Confusing the Adventure of Science with Adventure

The world has always loved balloonists but the French have loved them most.

Hand-in-hand in Père Lachaise Cemetery in Paris are two balloonists who tried to fly higher than anyone had before. The monument to Joseph Croce-Spinelli and Théodore Sivel shows the two draped beneath a shroud, their fingers intertwined and an inscription on the side declaring them to have perished in a balloon called the Zenith on April 15, 1875, at around 28,000 feet.

In the 1870s, ballooning had progressed to a point where higher and higher altitudes were being sought for greater understandings of the atmosphere and its weather. Brave men were learning of the challenges and dangers of higher flight by simply experiencing them, discovering the impacts of thin air that made on consciousness. This was done as it was later in diving and mountain climbing, trial and error. Oxygen seemed to take away the effects of thin air on consciousness so, equipped with several breathing bags of the air, Croce-Spinelli, Sivel, and a third balloonist, Gaston Tissandier, ascended into the air that April 15 prepared to break the existing record, 36,000 feet in 1862 by James Glaisher, for altitude.

They reached the "death zone," at about 26,000 feet, when they began to go in and out of consciousness. Unable to reach for the oxygen tubes above their heads, they were seized by the thrill of going up even further into this perilous altitude. As Tissandier, the only survivor, later recalled: "One becomes indifferent, one thinks neither of the perilous situation nor of any danger; one rises and is happy to rise." Croce-Spinelli, revived by a gulp of oxygen, decided to throw out equipment and the balloon rose to 28,000 feet, according to a recording by their barometer. When Tissandier came to, he found his companions dead and the Zenith rapidly plummeting to the earth.

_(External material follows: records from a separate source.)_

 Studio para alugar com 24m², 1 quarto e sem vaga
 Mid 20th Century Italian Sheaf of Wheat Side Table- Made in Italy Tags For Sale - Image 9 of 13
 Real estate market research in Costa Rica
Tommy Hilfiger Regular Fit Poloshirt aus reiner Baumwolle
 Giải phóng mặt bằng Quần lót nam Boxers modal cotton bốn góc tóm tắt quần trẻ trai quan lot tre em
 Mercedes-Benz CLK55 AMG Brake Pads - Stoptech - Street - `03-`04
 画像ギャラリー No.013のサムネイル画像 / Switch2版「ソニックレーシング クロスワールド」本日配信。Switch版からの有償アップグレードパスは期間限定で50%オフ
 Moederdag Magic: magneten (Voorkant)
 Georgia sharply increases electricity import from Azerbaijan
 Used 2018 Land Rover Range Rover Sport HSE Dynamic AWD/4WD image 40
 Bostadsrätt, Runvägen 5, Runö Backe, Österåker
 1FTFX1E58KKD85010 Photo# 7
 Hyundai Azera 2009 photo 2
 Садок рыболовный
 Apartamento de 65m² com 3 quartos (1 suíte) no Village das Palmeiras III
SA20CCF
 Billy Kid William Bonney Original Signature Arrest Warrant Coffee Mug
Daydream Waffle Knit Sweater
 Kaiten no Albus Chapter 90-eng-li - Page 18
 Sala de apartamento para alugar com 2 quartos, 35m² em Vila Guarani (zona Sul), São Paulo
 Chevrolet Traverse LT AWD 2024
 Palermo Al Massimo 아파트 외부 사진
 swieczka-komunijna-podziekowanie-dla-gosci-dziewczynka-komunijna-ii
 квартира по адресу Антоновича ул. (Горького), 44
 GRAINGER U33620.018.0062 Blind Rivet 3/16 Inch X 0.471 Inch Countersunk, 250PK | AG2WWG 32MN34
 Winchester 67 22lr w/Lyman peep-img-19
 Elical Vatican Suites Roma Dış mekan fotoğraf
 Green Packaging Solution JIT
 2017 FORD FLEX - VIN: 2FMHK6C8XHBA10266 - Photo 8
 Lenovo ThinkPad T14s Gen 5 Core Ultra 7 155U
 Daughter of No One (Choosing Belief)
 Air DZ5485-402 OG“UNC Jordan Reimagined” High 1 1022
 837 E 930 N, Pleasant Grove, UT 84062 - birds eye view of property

The Zenith crash landed in Ciron, France, and Sivel and Croce-Spinelli were found with their faces blackened and their mouths filled with blood. They were widely celebrated as heroes who gave their lives for progressing aviation. A May 2, 1875 New York Times article declared them as "martyrs to science." A monument was erected in Ciron where the Zenith had fallen and the elaborate grave sculpted by Alphonse Dumilatre was installed in Père Lachaise Cemetery as a memorial to the two French balloonists. Gaston Tissandier is also buried in the Paris cemetery, although he lived until 1899.